Supplied material below:

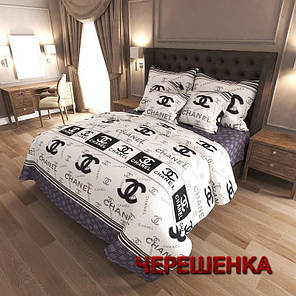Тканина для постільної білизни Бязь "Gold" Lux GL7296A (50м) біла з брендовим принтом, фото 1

End of Supplied material.
Supplied material below:

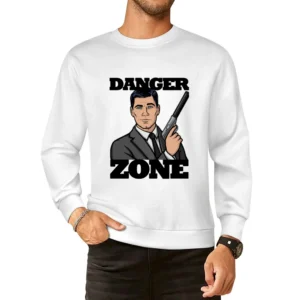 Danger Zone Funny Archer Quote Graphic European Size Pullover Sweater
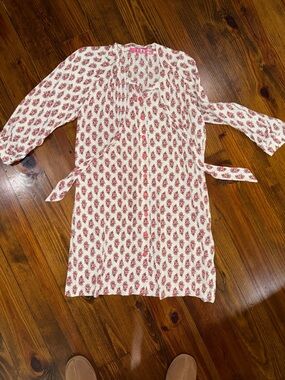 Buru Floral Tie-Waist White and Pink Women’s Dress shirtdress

End of Supplied material.

What you return must match, character for character, the lines above from the one with "Danger Zone Funny" through the one with "Buru Floral Tie-Waist", minus any pictures.

 Danger Zone Funny Archer Quote Graphic European Size Pullover Sweater
 Buru Floral Tie-Waist White and Pink Women’s Dress shirtdress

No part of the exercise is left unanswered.